What you are asked to do. For the entries below, the result should be an exact transcription of the lines from the one with "Happy family during" up to and including the one with "12pcs(3 size) Halloween", and only those.

Data for the task.

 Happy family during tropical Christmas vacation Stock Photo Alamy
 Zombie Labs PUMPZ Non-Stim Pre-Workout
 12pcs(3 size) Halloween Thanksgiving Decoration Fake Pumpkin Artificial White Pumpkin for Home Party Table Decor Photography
* * *
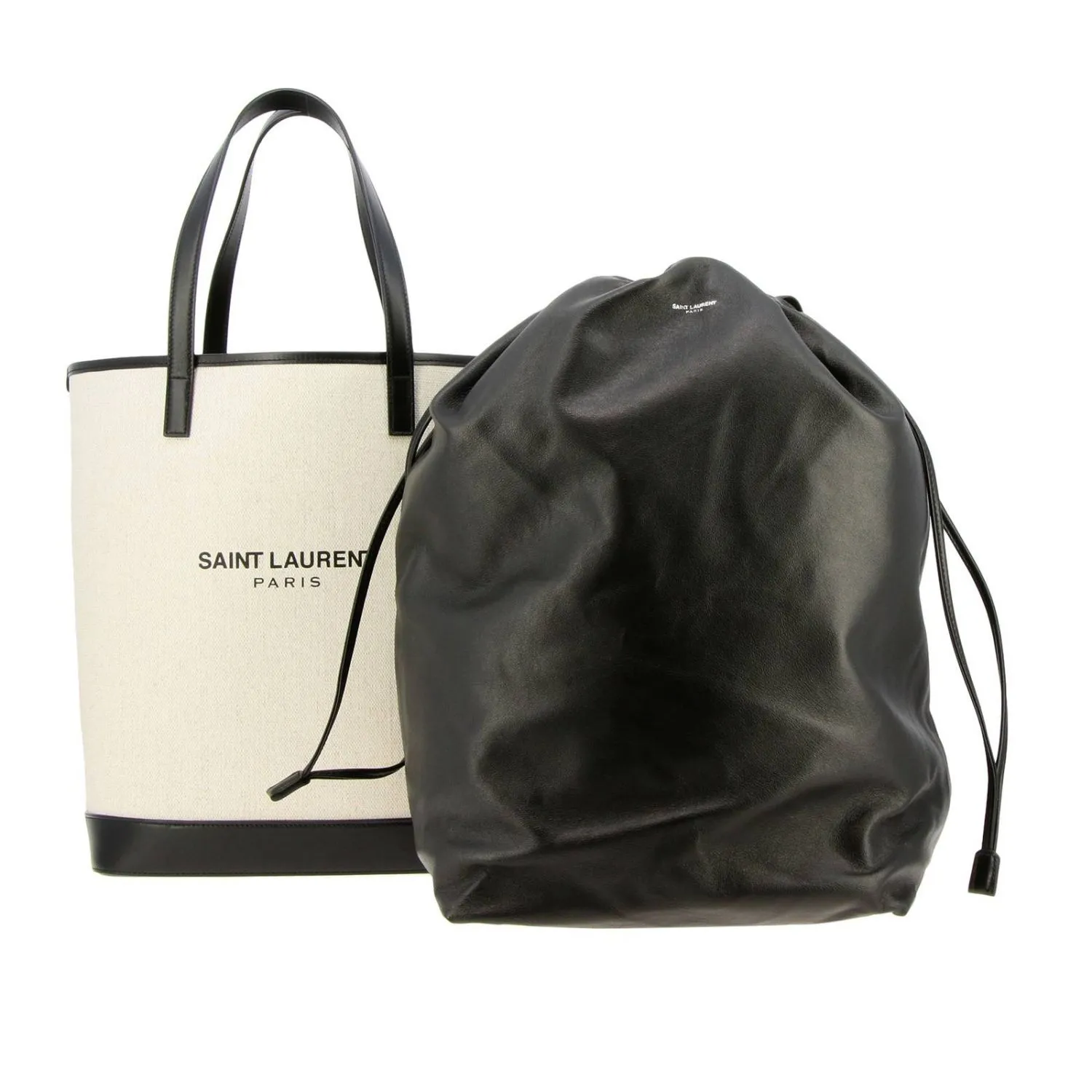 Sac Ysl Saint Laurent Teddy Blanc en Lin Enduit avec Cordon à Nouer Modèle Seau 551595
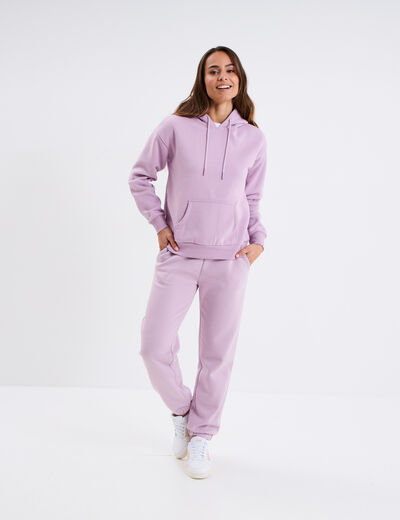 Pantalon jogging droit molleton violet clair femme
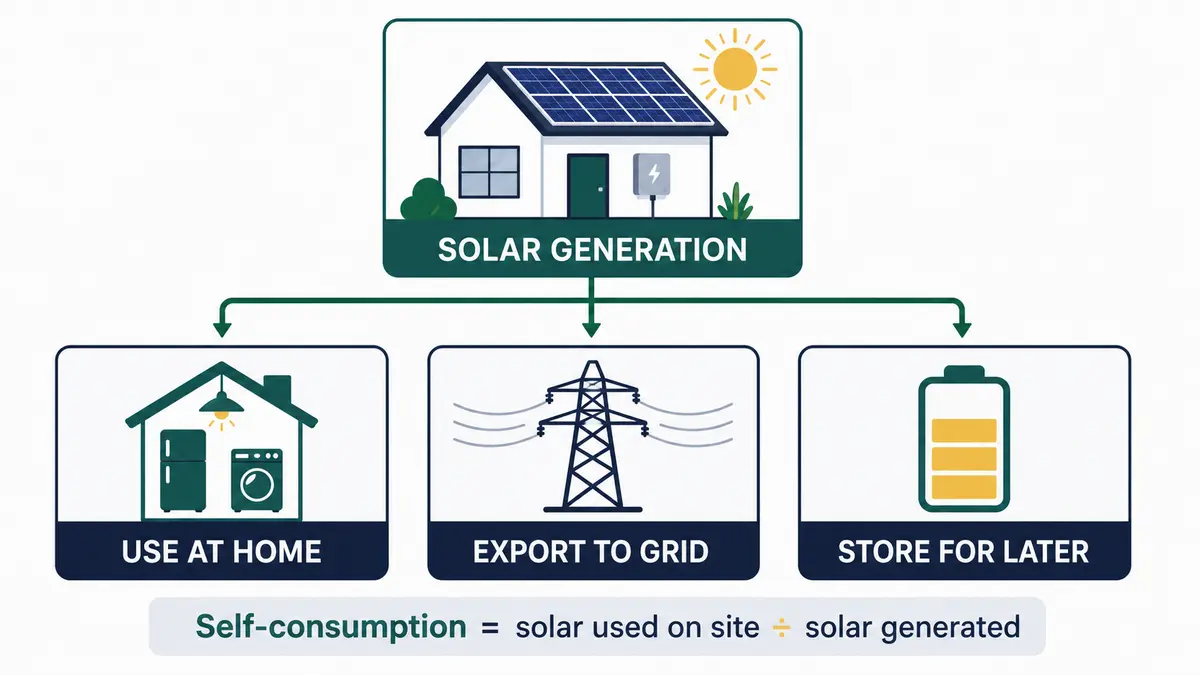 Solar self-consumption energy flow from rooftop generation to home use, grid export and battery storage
==
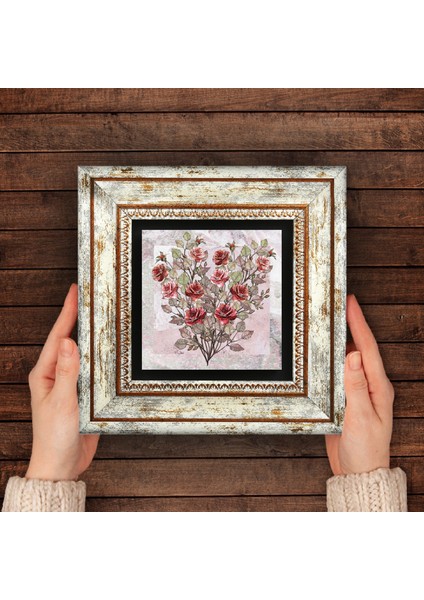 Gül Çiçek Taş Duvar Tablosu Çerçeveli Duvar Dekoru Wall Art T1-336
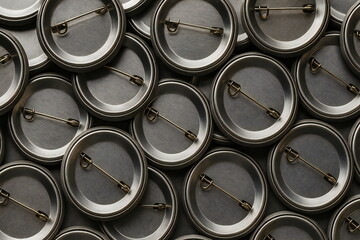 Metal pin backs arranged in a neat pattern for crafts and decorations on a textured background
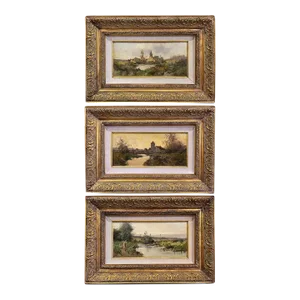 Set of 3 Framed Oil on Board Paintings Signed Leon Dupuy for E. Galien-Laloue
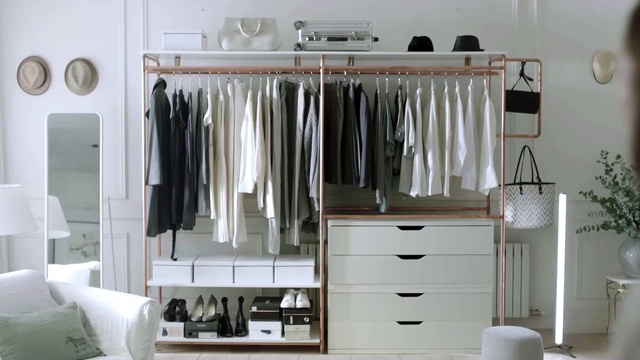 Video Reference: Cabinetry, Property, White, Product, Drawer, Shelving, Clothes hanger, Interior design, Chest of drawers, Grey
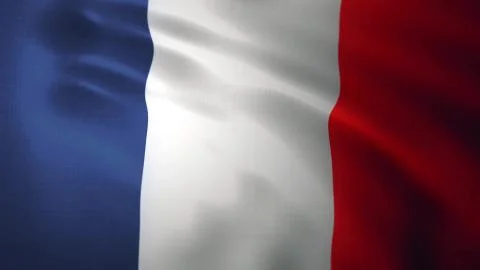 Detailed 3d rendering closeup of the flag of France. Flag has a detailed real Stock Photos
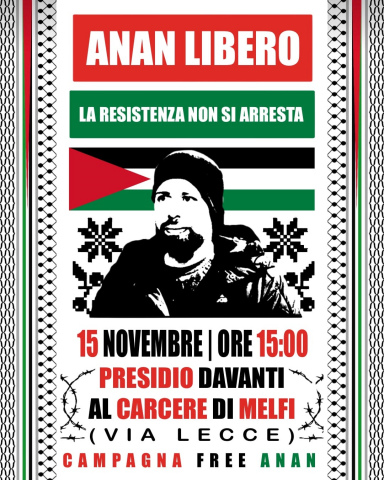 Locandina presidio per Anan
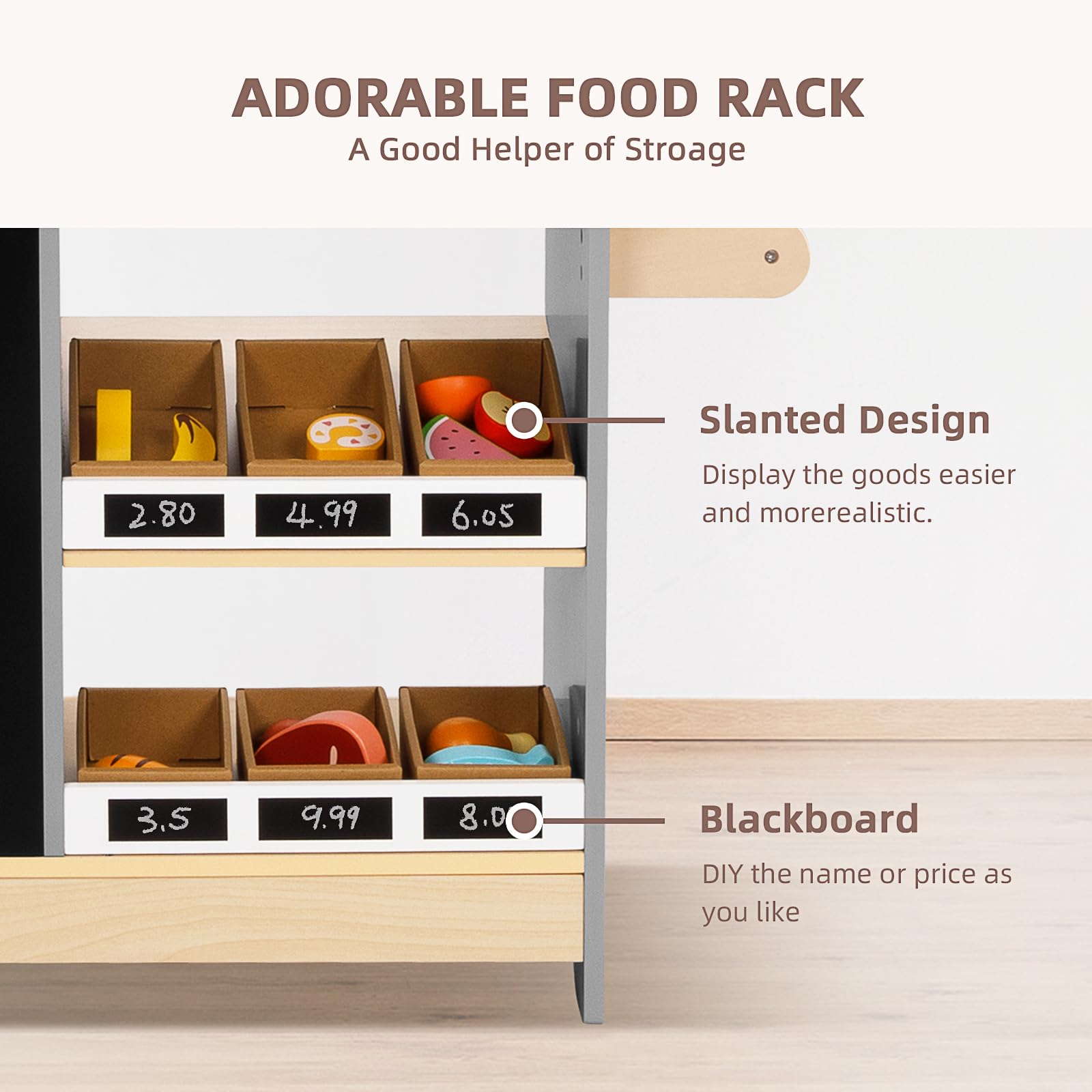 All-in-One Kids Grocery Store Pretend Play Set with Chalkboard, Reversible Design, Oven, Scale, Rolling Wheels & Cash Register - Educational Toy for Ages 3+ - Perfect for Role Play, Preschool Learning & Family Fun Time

Problem solution.
 Happy family during tropical Christmas vacation Stock Photo Alamy
 Zombie Labs PUMPZ Non-Stim Pre-Workout
 12pcs(3 size) Halloween Thanksgiving Decoration Fake Pumpkin Artificial White Pumpkin for Home Party Table Decor Photography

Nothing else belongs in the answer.